According to Mr. Patrick Kibira a local farmer in Ssembabule said that shs 500 is less compared to the amount of money and efforts they inject in to plant maize.
He says they have sacrificed a lot of resources putting in practice the presidential call that advocates for emphasis in farming but reaching frustration on the last point is not only unfair but discouraging.
This follows concerns raised by Members of Parliament over the falling maize prices in the country something that forced government to resolve on buying 500,000 metric tonnes of maize from farmers at a minimum price
In a joint statement to the House sitting on Tuesday,31 July, 2018, the Minister of Trade, Industry and Cooperatives, Hon. Amelia Kyambadde and the Minister of Agriculture, Animal Industry and Fisheries, Hon. Vincent Ssempijja said government will provide a budget through the Agriculture Credit Fund to the Grain Council to buy 500,000 metric tonnes of maize.

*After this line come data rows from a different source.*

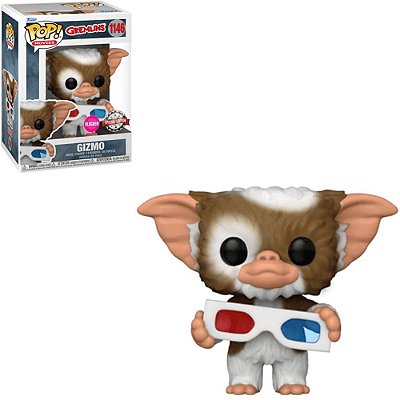 Funko Pop Gremlins 1146 Gizmo w/ 3D Glasses Flocked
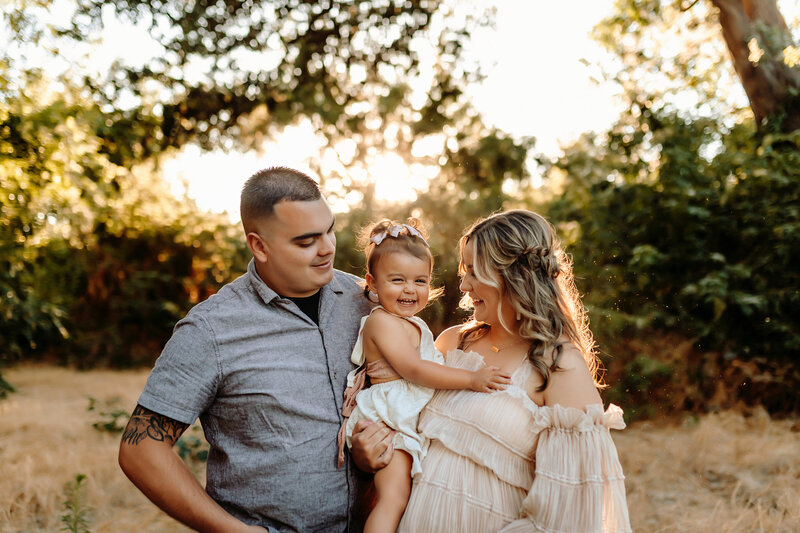 Modesto CA Family Maternity Session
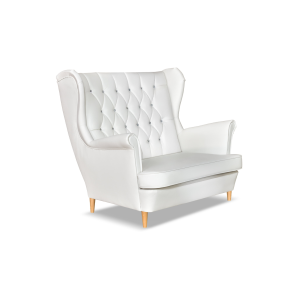 Sofa kanapa uszak Gaja ekoskóra skandynawska Family Meble biała 652489 Sofa kanapa uszak Gaja ekoskóra skandynawska Family Meble biała 652489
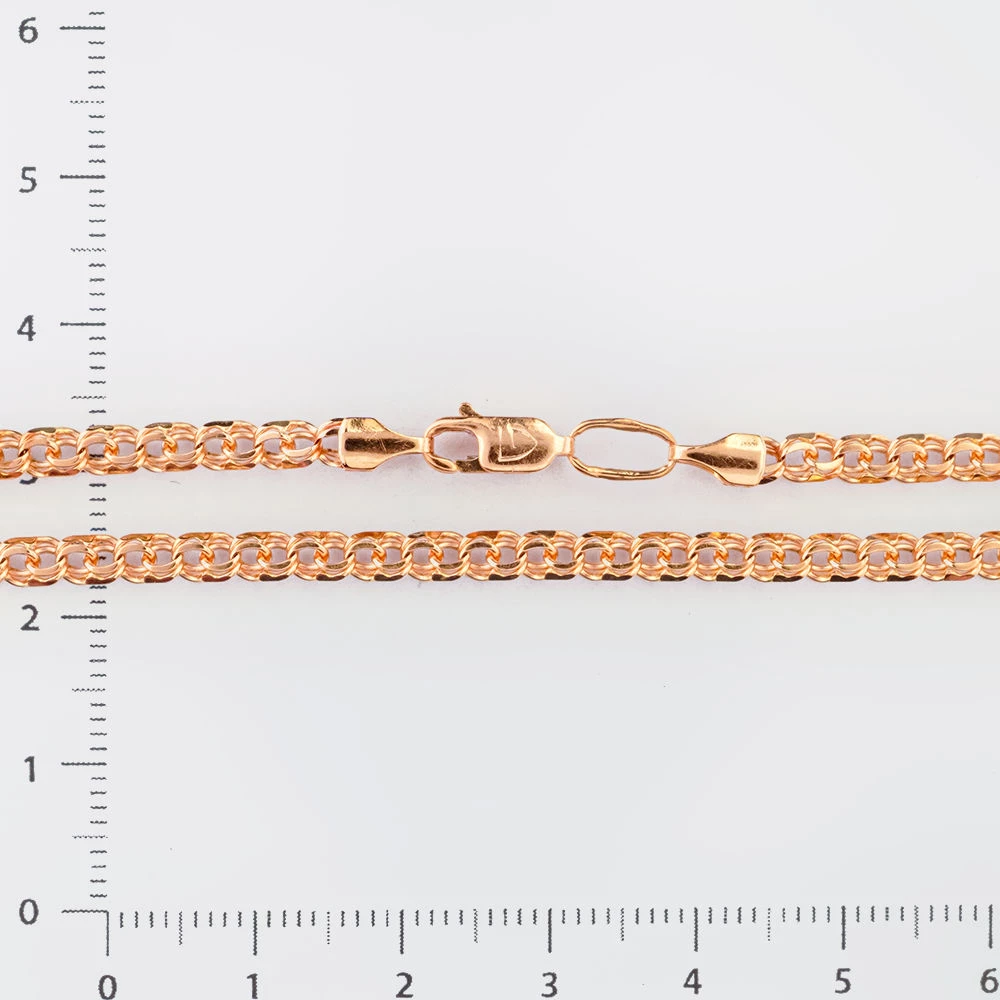 Браслет из красного золота 585 пробы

Ssempijja justified government’s decision saying that the Council buys 70 per cent of the maize while individuals buy 30 per cent.
He said the Grain Council has modern storage facilities across the country including dryers, sorters and cleaners.
“The Uganda Grain Council needs shs300 billion to evacuate 500,000 metric tonnes of maize and that is the money we are mobilising,” said Ssempijja.
“We have gone through the technical evaluation of producing maize and the highest cost of production is shs400,” Ssempijja explained.
Kyambadde said that a report will be presented to Parliament next week on the modalities of implementation of funding to the Grain Council.
She also listed other government interventions towards addressing the falling maize prices including; operationalisation of structured trading mechanisms, provision of standardised storage facilities at household, community and regional levels as well as implementation of the National Grain Trade Policy and its strategy.
The MPs however, opposed the plan to fund the Grain Council saying that the move is intended to enrich a few.
Hon. Paul Mwiru (FDC, Jinja East) said that the Grain Council is composed of companies which are within the warehouse receipt system and it is difficult for local farmers to join.
“For us to get money and channel it under the Grain Council, which already controls the sector, is not fair to the local farmers,” said Mwiru.